I've got a letter from Idjad Sabitov which answer the question completely. Here is a short extract from it:

  1. half-torus has rigidity of second order (Rembs' theorem, see Е. Rembs. Verbiegungen hoeherer Ordnung und ebene Flaechenrinnen. Math. Zeitschrift 36 (1932) or Ефимов, УМН, 1948, т.3, вып.2, стр. 135)

  2. Any second order rigid surface does not admit analytic deformation (i.e., the deformation $h_t(u,v)$ which is analytic on $t$).

  3. For the surfaces of revolution, the assumption of analyticity can be removed.


Below is the best part of my original post.

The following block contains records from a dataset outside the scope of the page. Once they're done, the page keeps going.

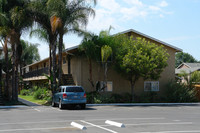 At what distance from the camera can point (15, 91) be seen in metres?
26.8

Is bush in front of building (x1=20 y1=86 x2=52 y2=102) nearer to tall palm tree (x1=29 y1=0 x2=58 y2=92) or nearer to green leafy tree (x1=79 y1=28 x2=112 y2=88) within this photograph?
tall palm tree (x1=29 y1=0 x2=58 y2=92)

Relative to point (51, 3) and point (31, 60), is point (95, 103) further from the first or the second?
point (31, 60)

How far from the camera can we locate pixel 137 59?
85.6 ft

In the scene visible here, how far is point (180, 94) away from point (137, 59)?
6263 millimetres

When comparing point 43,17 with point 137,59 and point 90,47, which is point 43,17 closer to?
point 90,47

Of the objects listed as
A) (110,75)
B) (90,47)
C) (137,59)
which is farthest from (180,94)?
(90,47)

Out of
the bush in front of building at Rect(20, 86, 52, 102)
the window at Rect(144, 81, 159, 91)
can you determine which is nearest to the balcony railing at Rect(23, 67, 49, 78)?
the bush in front of building at Rect(20, 86, 52, 102)

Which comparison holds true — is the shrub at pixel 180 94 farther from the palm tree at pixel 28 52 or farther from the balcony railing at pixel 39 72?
the palm tree at pixel 28 52

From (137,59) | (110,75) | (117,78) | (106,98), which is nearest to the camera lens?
(137,59)

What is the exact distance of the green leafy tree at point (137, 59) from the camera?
85.4ft

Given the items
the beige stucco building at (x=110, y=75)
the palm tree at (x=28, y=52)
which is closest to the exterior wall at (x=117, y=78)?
the beige stucco building at (x=110, y=75)

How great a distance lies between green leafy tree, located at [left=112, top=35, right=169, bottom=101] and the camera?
26.0 meters

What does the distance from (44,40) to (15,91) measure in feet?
23.4

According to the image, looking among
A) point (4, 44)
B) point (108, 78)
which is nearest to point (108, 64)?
point (108, 78)
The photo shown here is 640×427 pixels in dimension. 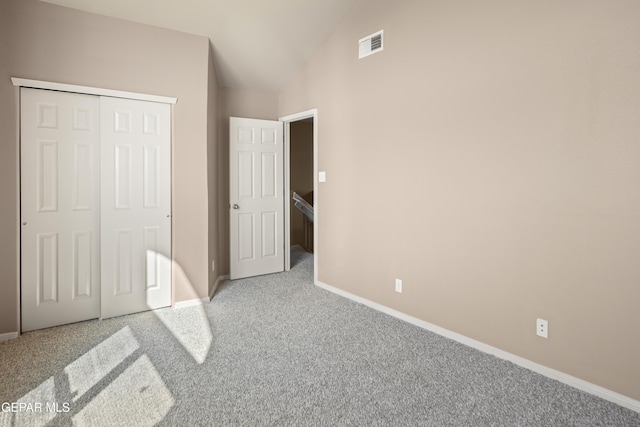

It contains an idea which was not used by Rembs.


Let $h(u,v)$ be a small perturbation of the standard embedding; $u\in (-\varepsilon,\varepsilon)$ and $v\in\mathbb S^1$.

Consider convex hull $K$ of $\mathop{\rm Im}h$ and look at the closed curve $\gamma_0$ which is formed by boundary of $\partial K\cap \mathop{\rm Im}h$. I claim that $\gamma_0=h(0,{*})$ i.e. the Gauss curvature at points of $\gamma_0$ has to be $0$. Indeed since $\gamma_0$ lies on convex part, the Gauss curvature at the points of $\gamma_0$ has to be nonnegative. On the other hand $\gamma_0$ bounds a flat disc in $\partial K$; therefore its integral intrinsic curvature (in $\partial K$ and in the torus) has to be $2{\cdot}\pi$. If the Gauss curvature is positive at some point of $\gamma_0$ then total intrinsic curvature of $\gamma_0$ has to be $<2{\cdot}\pi$, a contradiction.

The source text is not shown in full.